→ Activity: Return exactly the lines of the records below, starting at the line that contains "Apple iPhone8 256GB ピンクゴールド" and ending at the line that contains "Wh Parker - Residential", with both of those lines kept.

--- START ---

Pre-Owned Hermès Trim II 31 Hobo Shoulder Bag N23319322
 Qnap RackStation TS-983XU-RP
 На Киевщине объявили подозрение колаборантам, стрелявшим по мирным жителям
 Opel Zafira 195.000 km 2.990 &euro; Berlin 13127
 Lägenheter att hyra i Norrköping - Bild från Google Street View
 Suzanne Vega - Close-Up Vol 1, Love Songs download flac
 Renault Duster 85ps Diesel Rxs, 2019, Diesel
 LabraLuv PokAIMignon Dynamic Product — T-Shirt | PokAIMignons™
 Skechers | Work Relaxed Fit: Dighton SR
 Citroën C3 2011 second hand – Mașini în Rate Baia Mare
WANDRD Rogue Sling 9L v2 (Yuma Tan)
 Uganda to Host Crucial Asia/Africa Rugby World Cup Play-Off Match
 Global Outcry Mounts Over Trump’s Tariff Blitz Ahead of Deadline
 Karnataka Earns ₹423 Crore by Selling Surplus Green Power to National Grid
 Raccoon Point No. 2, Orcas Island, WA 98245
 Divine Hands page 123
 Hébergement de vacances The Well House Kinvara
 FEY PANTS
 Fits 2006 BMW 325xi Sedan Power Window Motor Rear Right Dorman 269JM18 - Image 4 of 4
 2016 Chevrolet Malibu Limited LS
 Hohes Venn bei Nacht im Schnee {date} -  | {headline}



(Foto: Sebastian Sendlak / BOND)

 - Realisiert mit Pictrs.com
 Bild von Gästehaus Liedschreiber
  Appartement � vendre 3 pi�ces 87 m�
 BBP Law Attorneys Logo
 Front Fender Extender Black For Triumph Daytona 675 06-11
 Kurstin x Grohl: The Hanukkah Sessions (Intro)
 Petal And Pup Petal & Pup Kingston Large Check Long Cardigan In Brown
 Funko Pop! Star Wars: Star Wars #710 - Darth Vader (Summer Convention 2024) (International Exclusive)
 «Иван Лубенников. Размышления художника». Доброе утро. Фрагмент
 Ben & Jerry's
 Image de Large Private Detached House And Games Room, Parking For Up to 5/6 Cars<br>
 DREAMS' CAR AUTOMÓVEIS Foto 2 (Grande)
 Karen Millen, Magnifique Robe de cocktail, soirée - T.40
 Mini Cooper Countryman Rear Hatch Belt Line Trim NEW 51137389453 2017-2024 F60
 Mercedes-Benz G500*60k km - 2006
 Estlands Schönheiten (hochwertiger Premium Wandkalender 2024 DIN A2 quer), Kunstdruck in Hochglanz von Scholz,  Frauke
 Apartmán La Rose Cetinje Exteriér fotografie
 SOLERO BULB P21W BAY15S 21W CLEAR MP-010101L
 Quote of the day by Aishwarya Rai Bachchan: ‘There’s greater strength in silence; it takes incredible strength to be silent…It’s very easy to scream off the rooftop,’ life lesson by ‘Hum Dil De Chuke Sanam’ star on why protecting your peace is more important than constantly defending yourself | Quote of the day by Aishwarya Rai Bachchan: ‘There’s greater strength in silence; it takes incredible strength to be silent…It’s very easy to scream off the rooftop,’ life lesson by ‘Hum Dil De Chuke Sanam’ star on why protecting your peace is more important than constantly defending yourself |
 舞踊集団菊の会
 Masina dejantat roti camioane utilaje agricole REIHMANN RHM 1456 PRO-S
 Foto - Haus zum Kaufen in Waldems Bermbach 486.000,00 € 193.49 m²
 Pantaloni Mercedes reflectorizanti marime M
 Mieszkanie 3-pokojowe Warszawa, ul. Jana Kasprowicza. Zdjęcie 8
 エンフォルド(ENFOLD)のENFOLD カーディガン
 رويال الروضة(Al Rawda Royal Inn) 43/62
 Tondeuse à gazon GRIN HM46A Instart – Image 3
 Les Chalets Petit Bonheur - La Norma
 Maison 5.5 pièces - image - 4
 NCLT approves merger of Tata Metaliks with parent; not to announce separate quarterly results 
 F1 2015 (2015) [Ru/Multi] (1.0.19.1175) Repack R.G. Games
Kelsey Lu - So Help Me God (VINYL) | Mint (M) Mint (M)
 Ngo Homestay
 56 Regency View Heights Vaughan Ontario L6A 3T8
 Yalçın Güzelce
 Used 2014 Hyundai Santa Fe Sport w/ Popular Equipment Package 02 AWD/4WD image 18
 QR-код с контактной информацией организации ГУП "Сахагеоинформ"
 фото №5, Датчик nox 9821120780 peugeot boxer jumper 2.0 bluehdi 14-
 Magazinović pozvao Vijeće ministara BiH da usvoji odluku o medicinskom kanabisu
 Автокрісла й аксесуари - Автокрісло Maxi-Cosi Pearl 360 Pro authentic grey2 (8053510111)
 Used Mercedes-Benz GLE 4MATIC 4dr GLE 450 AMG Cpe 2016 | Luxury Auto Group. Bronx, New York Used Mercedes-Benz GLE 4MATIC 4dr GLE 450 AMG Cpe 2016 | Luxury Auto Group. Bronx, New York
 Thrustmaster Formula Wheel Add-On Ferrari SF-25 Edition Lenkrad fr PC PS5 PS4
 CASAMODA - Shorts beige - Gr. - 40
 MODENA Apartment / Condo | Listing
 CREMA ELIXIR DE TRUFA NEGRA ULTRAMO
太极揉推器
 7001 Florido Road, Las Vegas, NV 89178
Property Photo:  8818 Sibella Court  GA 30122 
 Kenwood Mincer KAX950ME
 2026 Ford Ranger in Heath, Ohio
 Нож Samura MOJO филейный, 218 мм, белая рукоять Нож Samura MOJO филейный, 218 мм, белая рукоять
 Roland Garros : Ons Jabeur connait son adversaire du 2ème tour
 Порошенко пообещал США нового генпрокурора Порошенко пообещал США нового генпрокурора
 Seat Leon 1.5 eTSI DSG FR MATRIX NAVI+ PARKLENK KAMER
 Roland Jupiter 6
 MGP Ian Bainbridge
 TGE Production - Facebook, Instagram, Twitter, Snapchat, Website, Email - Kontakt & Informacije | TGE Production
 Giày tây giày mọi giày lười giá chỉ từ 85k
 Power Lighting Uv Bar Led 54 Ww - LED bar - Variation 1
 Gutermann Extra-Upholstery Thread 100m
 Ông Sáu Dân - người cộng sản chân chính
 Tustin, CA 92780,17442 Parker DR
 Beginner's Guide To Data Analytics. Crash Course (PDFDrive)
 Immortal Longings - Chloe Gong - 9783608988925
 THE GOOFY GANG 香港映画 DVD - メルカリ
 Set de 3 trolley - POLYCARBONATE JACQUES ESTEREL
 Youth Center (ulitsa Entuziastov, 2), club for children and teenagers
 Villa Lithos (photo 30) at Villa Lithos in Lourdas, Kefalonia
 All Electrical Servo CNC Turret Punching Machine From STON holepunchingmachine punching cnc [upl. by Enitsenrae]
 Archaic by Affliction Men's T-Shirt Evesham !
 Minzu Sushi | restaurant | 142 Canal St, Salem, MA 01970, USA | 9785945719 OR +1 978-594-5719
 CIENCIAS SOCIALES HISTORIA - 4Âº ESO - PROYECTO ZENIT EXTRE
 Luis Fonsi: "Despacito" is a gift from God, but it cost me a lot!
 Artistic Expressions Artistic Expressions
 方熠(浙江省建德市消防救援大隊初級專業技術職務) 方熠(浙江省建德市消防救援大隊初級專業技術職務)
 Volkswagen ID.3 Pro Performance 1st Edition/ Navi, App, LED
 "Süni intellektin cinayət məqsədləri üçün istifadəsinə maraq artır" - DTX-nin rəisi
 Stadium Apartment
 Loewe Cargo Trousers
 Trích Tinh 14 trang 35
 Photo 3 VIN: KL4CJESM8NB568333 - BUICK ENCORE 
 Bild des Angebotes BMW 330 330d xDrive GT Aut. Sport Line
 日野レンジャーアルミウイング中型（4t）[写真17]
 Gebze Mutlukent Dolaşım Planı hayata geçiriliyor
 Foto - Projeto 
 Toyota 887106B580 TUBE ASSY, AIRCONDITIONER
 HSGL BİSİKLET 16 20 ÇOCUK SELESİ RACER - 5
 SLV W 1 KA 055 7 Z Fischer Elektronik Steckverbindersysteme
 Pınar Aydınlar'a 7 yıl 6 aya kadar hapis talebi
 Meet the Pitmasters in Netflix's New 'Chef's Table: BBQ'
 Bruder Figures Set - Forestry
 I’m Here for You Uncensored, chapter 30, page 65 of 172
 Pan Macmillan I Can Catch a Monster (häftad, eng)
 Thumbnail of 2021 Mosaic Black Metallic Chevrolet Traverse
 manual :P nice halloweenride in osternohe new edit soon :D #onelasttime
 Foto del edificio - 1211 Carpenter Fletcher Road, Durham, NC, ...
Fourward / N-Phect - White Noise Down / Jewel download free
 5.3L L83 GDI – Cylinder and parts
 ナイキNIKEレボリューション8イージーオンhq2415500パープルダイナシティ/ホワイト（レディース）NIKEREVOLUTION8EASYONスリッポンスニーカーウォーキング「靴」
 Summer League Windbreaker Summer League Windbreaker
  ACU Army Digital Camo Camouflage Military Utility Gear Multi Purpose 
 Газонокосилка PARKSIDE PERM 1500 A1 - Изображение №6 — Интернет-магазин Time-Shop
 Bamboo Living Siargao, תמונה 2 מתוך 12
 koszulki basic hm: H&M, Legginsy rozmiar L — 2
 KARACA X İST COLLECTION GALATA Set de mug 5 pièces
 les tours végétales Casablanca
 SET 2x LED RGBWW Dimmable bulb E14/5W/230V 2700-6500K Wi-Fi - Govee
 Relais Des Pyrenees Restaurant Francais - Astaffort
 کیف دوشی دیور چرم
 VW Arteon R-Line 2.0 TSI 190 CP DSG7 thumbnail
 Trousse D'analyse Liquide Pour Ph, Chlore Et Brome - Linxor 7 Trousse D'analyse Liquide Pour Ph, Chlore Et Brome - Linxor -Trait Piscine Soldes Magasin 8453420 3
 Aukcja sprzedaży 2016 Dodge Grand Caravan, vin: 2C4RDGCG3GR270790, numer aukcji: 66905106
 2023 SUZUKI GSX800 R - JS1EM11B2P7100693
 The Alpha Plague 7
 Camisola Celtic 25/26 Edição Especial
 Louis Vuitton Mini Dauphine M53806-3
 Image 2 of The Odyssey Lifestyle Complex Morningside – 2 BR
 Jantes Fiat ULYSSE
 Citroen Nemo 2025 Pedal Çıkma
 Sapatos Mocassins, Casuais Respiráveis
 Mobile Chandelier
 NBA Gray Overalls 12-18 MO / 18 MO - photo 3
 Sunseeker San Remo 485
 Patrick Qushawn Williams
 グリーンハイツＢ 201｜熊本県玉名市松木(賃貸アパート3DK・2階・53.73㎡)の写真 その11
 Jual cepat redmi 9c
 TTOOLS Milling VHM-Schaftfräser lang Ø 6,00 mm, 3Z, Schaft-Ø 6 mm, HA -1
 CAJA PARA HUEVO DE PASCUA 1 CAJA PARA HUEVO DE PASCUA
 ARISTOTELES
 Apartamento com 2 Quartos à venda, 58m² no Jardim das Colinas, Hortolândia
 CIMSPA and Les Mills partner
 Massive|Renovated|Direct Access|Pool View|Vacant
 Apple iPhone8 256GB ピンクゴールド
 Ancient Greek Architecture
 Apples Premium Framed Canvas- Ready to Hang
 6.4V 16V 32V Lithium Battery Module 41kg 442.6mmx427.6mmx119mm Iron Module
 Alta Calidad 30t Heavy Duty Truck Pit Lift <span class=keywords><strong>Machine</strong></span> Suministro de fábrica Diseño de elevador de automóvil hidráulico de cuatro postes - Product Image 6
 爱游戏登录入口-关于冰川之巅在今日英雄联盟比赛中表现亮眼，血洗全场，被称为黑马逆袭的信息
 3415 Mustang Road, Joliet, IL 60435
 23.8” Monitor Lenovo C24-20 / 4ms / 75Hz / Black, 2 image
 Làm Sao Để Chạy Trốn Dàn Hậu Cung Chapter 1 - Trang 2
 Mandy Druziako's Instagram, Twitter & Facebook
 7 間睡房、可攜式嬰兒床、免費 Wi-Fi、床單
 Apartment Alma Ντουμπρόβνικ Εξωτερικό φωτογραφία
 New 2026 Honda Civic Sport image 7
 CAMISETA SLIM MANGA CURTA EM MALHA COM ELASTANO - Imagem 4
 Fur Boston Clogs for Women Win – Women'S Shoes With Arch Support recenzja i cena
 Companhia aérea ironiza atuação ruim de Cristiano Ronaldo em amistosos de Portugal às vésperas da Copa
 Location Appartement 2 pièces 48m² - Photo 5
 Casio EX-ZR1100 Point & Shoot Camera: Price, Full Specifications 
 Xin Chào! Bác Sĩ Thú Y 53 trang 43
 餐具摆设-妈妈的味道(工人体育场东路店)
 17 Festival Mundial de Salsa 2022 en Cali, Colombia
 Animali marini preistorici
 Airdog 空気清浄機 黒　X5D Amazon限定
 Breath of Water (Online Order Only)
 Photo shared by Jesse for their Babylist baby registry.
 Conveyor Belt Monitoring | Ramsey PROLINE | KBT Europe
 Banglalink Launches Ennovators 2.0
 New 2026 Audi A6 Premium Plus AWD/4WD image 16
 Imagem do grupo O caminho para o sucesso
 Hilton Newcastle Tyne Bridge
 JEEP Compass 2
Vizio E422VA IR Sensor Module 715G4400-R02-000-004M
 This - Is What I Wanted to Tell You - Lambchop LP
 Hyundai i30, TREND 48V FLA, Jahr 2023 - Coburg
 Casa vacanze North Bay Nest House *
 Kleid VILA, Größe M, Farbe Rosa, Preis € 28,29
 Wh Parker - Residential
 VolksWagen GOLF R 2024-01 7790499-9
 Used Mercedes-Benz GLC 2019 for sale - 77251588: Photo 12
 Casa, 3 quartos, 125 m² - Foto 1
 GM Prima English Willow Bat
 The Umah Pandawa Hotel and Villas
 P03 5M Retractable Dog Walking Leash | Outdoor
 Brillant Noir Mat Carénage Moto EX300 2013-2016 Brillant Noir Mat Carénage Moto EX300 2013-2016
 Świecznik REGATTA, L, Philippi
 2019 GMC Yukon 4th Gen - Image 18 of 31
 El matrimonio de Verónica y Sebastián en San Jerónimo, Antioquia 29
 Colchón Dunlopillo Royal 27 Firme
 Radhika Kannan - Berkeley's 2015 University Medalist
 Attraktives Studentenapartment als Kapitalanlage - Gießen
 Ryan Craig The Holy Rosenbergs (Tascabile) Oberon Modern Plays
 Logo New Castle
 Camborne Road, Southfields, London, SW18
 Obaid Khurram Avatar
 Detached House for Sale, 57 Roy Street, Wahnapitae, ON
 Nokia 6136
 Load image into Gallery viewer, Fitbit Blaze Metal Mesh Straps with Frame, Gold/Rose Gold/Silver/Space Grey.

--- END ---

→ Result of the exercise:
 Apple iPhone8 256GB ピンクゴールド
 Ancient Greek Architecture
 Apples Premium Framed Canvas- Ready to Hang
 6.4V 16V 32V Lithium Battery Module 41kg 442.6mmx427.6mmx119mm Iron Module
 Alta Calidad 30t Heavy Duty Truck Pit Lift <span class=keywords><strong>Machine</strong></span> Suministro de fábrica Diseño de elevador de automóvil hidráulico de cuatro postes - Product Image 6
 爱游戏登录入口-关于冰川之巅在今日英雄联盟比赛中表现亮眼，血洗全场，被称为黑马逆袭的信息
 3415 Mustang Road, Joliet, IL 60435
 23.8” Monitor Lenovo C24-20 / 4ms / 75Hz / Black, 2 image
 Làm Sao Để Chạy Trốn Dàn Hậu Cung Chapter 1 - Trang 2
 Mandy Druziako's Instagram, Twitter & Facebook
 7 間睡房、可攜式嬰兒床、免費 Wi-Fi、床單
 Apartment Alma Ντουμπρόβνικ Εξωτερικό φωτογραφία
 New 2026 Honda Civic Sport image 7
 CAMISETA SLIM MANGA CURTA EM MALHA COM ELASTANO - Imagem 4
 Fur Boston Clogs for Women Win – Women'S Shoes With Arch Support recenzja i cena
 Companhia aérea ironiza atuação ruim de Cristiano Ronaldo em amistosos de Portugal às vésperas da Copa
 Location Appartement 2 pièces 48m² - Photo 5
 Casio EX-ZR1100 Point & Shoot Camera: Price, Full Specifications 
 Xin Chào! Bác Sĩ Thú Y 53 trang 43
 餐具摆设-妈妈的味道(工人体育场东路店)
 17 Festival Mundial de Salsa 2022 en Cali, Colombia
 Animali marini preistorici
 Airdog 空気清浄機 黒　X5D Amazon限定
 Breath of Water (Online Order Only)
 Photo shared by Jesse for their Babylist baby registry.
 Conveyor Belt Monitoring | Ramsey PROLINE | KBT Europe
 Banglalink Launches Ennovators 2.0
 New 2026 Audi A6 Premium Plus AWD/4WD image 16
 Imagem do grupo O caminho para o sucesso
 Hilton Newcastle Tyne Bridge
 JEEP Compass 2
Vizio E422VA IR Sensor Module 715G4400-R02-000-004M
 This - Is What I Wanted to Tell You - Lambchop LP
 Hyundai i30, TREND 48V FLA, Jahr 2023 - Coburg
 Casa vacanze North Bay Nest House *
 Kleid VILA, Größe M, Farbe Rosa, Preis € 28,29
 Wh Parker - Residential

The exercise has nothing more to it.